Is there anything worse than a customer who doesn’t pay you? OK, maybe a bounced check, but not getting paid at all is just so bad. Then you’ve got that invoice or statement just hanging around in QuickBooks. Well, I can’t get your customers to pay you, but I can tell you what to do when they don’t.

First of all, writing off bad debt doesn’t apply if you are using a cash method to track your business in QuickBooks. This is only applicable if you’re using invoices or statements to ask for payment from your customers when you’ve already done work or sent them goods. (This is called the accrual method of accounting.)

Before you write off the bad debt

Generally, you should write off bad debt only after exhaustive efforts to collect. If your customer owes you a lot of money, you should call the customer until you’re convinced the customer can’t or won’t pay. The rules change if customer files for bankruptcy. At this point the law provides a procedure for filing a claim for payment. Further efforts of collection may violate federal law. Check with an attorney if things get to this point.

Writing off bad debt

When you’re ready, you can write off the debt in QuickBooks so you don’t keep seeing that open invoice or statement.

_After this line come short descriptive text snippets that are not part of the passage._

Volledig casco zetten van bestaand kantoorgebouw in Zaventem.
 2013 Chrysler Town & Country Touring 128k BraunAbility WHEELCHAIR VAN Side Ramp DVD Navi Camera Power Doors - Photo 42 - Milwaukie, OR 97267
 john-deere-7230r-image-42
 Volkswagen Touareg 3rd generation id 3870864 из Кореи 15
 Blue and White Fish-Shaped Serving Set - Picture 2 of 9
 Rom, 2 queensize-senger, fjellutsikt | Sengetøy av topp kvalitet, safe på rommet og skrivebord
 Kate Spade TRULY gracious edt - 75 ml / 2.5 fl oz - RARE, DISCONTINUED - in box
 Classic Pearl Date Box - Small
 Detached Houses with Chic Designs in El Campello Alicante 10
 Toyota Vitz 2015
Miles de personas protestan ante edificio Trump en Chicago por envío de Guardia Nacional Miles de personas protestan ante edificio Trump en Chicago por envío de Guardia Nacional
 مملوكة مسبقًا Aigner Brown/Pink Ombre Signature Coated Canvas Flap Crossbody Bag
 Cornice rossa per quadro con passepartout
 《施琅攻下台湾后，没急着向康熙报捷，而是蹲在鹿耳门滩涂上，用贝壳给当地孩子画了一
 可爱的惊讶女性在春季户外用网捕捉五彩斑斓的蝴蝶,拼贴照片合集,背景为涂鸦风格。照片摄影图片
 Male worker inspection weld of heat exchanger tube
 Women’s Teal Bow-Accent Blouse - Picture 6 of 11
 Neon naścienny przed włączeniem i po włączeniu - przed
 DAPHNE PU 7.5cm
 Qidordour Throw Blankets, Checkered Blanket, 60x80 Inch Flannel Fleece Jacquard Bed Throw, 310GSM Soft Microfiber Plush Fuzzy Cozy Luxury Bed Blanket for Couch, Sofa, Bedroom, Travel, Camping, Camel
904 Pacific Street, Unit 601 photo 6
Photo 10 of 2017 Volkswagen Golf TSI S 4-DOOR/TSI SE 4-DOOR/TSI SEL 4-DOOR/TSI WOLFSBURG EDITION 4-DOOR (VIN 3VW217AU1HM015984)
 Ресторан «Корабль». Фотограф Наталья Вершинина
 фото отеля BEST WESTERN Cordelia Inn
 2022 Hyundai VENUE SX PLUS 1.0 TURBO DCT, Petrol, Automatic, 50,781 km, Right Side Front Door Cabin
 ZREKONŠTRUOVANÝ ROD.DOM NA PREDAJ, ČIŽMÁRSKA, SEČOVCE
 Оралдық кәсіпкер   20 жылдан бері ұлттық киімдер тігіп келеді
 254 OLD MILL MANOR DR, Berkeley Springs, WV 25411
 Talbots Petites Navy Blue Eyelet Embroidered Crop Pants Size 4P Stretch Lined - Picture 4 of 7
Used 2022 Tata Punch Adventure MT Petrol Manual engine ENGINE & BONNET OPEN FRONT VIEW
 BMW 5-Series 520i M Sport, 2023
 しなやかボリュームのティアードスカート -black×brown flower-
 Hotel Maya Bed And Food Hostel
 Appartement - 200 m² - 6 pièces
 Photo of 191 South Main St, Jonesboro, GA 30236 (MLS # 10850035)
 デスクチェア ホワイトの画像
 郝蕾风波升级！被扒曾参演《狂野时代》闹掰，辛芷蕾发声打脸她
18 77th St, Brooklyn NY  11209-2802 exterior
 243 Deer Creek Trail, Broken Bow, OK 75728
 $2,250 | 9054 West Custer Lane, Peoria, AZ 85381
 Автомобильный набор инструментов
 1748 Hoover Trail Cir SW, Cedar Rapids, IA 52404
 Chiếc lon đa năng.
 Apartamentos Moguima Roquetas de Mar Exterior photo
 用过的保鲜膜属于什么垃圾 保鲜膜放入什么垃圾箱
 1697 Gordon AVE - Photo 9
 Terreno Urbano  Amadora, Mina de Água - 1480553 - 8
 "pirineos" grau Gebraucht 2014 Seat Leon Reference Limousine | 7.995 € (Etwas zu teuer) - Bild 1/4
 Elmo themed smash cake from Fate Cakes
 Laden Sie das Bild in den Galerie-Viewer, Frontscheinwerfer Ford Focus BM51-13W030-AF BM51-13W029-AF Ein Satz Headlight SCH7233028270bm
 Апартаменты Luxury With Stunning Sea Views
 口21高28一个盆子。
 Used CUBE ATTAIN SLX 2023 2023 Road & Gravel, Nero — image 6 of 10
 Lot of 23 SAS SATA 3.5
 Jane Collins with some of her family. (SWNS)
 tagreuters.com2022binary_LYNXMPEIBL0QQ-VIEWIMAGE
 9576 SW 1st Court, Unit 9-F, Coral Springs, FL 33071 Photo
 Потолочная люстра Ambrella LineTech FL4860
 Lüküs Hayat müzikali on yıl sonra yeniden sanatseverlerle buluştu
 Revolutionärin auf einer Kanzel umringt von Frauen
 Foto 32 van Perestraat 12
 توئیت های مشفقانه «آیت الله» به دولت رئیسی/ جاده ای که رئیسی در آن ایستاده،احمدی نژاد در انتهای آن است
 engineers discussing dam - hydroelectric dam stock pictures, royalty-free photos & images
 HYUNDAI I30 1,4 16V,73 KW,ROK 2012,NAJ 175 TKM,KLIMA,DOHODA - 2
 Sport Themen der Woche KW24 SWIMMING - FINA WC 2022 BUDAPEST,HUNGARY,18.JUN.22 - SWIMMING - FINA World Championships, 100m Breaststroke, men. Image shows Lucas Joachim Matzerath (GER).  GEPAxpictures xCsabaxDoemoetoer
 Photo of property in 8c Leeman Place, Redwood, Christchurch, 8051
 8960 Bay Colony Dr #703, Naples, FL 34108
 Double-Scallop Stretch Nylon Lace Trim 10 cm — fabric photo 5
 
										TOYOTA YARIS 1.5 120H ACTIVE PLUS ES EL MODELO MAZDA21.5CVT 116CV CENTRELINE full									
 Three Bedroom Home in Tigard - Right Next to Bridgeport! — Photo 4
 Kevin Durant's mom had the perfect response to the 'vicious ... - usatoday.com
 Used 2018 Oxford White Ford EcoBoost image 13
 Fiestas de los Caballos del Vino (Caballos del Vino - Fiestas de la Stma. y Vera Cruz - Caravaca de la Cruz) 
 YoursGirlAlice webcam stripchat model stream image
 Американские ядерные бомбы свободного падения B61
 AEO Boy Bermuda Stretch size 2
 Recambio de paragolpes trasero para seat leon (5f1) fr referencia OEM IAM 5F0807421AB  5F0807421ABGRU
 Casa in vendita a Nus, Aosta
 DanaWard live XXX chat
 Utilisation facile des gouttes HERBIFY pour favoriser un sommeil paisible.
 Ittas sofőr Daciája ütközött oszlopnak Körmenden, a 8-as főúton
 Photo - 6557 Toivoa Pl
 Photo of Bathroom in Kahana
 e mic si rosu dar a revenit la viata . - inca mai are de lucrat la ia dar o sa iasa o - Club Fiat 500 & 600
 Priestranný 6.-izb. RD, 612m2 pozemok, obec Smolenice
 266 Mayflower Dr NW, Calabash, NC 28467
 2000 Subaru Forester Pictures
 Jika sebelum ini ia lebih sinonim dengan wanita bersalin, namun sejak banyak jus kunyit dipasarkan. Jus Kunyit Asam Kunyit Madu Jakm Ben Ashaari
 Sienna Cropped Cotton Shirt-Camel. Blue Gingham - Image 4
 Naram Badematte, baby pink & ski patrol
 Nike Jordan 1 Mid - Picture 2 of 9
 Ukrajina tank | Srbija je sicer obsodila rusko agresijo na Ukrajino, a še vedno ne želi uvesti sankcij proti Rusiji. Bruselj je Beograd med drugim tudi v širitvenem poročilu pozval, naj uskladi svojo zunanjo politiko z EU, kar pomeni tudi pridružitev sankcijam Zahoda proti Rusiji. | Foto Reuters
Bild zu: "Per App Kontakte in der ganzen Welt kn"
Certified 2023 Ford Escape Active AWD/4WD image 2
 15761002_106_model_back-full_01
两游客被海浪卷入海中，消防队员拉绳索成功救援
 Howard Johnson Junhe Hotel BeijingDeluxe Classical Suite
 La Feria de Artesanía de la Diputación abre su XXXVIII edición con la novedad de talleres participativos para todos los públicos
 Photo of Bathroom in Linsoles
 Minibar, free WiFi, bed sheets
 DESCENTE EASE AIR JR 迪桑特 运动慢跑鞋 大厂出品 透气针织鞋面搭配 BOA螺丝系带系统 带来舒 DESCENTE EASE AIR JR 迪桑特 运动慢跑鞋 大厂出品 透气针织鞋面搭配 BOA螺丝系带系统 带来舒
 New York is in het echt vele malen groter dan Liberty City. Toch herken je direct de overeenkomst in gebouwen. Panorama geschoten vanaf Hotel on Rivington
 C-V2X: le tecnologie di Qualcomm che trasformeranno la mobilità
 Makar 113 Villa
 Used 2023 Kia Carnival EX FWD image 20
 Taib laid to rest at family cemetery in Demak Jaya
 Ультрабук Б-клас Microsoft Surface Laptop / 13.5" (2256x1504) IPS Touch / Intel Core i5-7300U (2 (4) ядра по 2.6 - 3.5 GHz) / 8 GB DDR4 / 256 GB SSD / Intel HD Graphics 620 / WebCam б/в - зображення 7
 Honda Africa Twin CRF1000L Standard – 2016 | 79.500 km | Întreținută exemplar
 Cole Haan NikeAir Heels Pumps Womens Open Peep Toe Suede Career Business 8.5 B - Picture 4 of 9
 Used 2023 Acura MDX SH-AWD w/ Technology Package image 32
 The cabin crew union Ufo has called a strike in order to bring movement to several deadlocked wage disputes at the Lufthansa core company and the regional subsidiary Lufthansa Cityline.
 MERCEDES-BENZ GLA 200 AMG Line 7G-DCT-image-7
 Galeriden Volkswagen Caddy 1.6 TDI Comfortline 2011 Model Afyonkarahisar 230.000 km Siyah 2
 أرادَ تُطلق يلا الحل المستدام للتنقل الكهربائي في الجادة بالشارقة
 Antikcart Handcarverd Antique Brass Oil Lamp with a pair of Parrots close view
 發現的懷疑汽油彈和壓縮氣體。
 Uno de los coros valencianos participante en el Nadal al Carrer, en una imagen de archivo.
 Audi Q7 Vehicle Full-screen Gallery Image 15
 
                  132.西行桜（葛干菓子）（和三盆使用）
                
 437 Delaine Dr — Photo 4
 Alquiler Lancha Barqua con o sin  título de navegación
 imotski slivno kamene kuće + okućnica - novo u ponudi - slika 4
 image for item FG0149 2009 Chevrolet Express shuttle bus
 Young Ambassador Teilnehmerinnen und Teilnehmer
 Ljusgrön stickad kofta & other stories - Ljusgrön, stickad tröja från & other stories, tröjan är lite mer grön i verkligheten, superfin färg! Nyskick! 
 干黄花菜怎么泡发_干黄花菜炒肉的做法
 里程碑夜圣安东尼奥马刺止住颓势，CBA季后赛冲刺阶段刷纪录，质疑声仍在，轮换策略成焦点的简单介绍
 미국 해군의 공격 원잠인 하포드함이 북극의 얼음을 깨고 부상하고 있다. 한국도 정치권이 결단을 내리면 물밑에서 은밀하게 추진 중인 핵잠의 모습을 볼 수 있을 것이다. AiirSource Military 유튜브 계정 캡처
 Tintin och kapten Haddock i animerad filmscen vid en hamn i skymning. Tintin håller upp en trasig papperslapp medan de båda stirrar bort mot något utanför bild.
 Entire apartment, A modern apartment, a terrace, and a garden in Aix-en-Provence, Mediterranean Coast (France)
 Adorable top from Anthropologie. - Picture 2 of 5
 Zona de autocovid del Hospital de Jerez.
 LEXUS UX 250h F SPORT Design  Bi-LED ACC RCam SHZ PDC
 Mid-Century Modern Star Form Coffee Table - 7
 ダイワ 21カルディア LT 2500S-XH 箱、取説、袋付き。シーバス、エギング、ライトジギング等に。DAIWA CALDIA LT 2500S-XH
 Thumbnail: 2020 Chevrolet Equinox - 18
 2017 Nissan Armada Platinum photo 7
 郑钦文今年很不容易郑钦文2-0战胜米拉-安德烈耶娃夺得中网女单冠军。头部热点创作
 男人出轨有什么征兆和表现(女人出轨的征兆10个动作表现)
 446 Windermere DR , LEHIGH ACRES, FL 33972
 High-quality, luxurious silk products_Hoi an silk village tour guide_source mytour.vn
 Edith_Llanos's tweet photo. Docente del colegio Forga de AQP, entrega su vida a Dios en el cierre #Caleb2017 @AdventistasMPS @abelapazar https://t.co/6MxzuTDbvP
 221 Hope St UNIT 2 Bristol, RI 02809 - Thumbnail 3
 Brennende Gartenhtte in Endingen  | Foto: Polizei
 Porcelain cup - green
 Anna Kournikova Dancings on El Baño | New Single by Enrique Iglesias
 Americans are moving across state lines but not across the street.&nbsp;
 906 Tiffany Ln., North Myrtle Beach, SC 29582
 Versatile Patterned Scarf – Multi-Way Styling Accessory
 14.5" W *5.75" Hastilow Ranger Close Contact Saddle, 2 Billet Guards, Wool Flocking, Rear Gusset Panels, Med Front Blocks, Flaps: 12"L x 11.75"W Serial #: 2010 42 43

Writing off debt for an invoice

  1. If necessary, create an account for Bad Debt
 in your Chart of Accounts. (Lists > Chart of Accounts.) Be sure to select Expense as the account type. In the Name field enter Bad Debt.
  2. Now, choose Customers > Receive Payments.
  3. Select the name of the customer who hasn’t paid you.
  4. Leave the amount field at 0.00.
  5. If you like, enter a memo at the bottom of the window that you’re writing off a bad debt. The memo appears in the customer’s register and prints on statements.
  6. Click the Payment column for the invoice that hasn’t been paid.
  7. Click the Discount Info button.
  8. In the window that drops down, enter the amount of the bad debt in the Discount field and the name of your bad debt expense account in the Discount Account field.
  9. Click OK to record the bad debt.

Writing off debt for statement charges

  1. If necessary, create an account for Bad Debt
 in your Chart of Accounts. (Lists > Chart of Accounts.) Be sure to select Expense as the account type. In the Name field enter Bad Debt.
  2. Create an Other Charge item called “To Record Bad Debt.” Use the Bad Debt account for this item. You only need to do this once.
  3. Create a credit memo for the customer or job. (Customers > Create Credit Memos/Refunds) In the Item list, select the To Record Bad Debt item and enter the amount of the statement charge you want to record as a bad debt. Click OK to save the transaction.
  4. Now choose Customers > Receive Payments and choose the customer who has the bad debt.
  5. Leave the Amount field set to 0.00.
  6. You should see the Existing Credits for the amount of the credit memo you just created. Check the Apply Existing Credit check box.
  7. Click to place a check mark in the far-left column beside the statement charge you want to write off as a bad debt. If any other check marks appear, click to turn them off. The amount in the Payment column for the statement charge should match the amount of the credit.
  8. Click OK to save the transaction.

Final thoughts…

Now all your bad debts are associated with the Bad Debt account. You can use reports and the Account filter to see the transactions associated with that account. Or you can go to your Chart of Accounts and open the register for the Bad Debt account to see transitions associated with that account.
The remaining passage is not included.